From today's New York Times:
The Social Security Administration says a federal judge’s ruling last week suspending a crackdown on employers who hire illegal immigrants could cause a major disruption in its processing of millions of routine retirement and disability claims.

In papers filed late Wednesday in federal court in San Francisco, David A. Rust, an acting Social Security deputy commissioner, said a vast bureaucratic logjam would result unless the agency was allowed this month to mail about 141,000 already-prepared letters advising employers of discrepancies between workers’ Social Security information and agency records. Government lawyers said any delay in the mailing — or any requirement that the mailing be revised — would cause “significant harm” to the agency and “interfere with its ability to carry out its core functions.” ...

In a statement, Mr. Rust said the Social Security Administration had already delayed sending the letters to employers for several months this year as officials negotiated with immigration authorities over the new rules and the Senate debated an immigration bill, which failed in June.

Although Judge Chesney did not bar the agency from sending the letters if references to the new rules were removed, Mr. Rust said it would take 30 days to fix the mailing. He said any delay past mid-September would cause a backlog that would spread into the first half of 2008, when he said the agency was expecting a “significant increase” in its workload, though he did not say why. He said the agency was facing “severe budgetary constraints” and a staffing shortage. ...
This is utter balderdash. Delaying sending out the letters does no harm to the Social Security Administration. Sending them out is going to cause a huge workload increase. I am appalled to see this sort of misrepresentation to a federal court. This is not the sort of thing that we would want to see from an "independent" Social Security Administration. This is a sign of an agency acting as if it reported directly to the White House.

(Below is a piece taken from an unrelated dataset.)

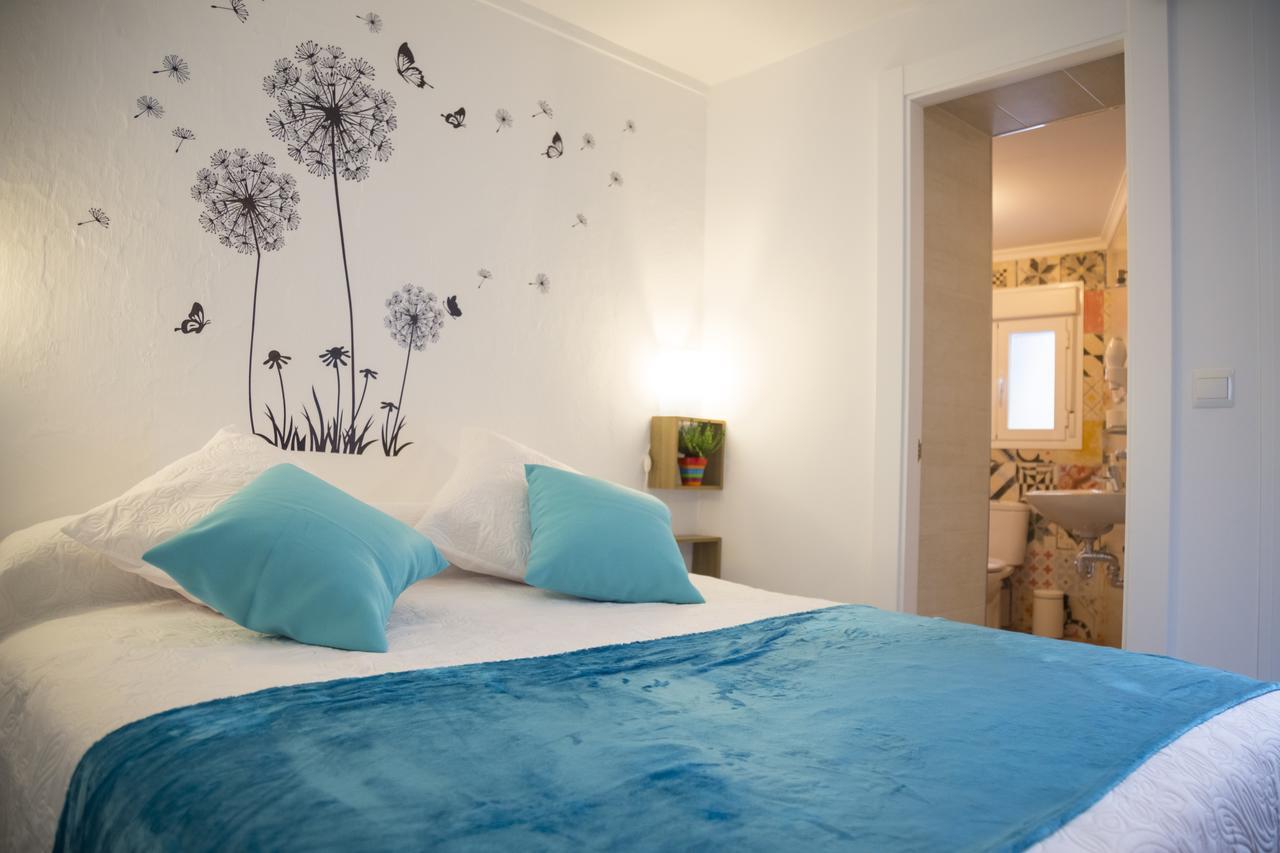 Apartamento La Casa Del Recreo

Technical Denials Soar -- Why?

The Social Security Administration has issued its 2006 Annual Statistical Report on the Social Security Disability Insurance Programs. Oddly, the report seems to contain almost no information on backlogs, even though statistics on adjudication backlogs may be of more interest to more people than anything included in the report.

Take a look at the outcomes chart. You can click on it to make it larger. It shows a recent dramatic increase in the number of technical denials. There were 104,344 technical denials in 1999 and 615,924 in 2004, according to an accompanying table. That would seem to call for a good explanation, but I cannot think of one other than that Social Security employees were using technical denials as a shortcut to getting their work done. Instead of helping a confused claimant, a Social Security employee would use that confusion as a pretext for denying the claim for failure to cooperate. Does anyone have a better explanation?

The chart also shows that initial awards and Appeals Council awards went down significantly after George W. Bush became President (and Jo Anne Barnhart became Commissioner of Social Security).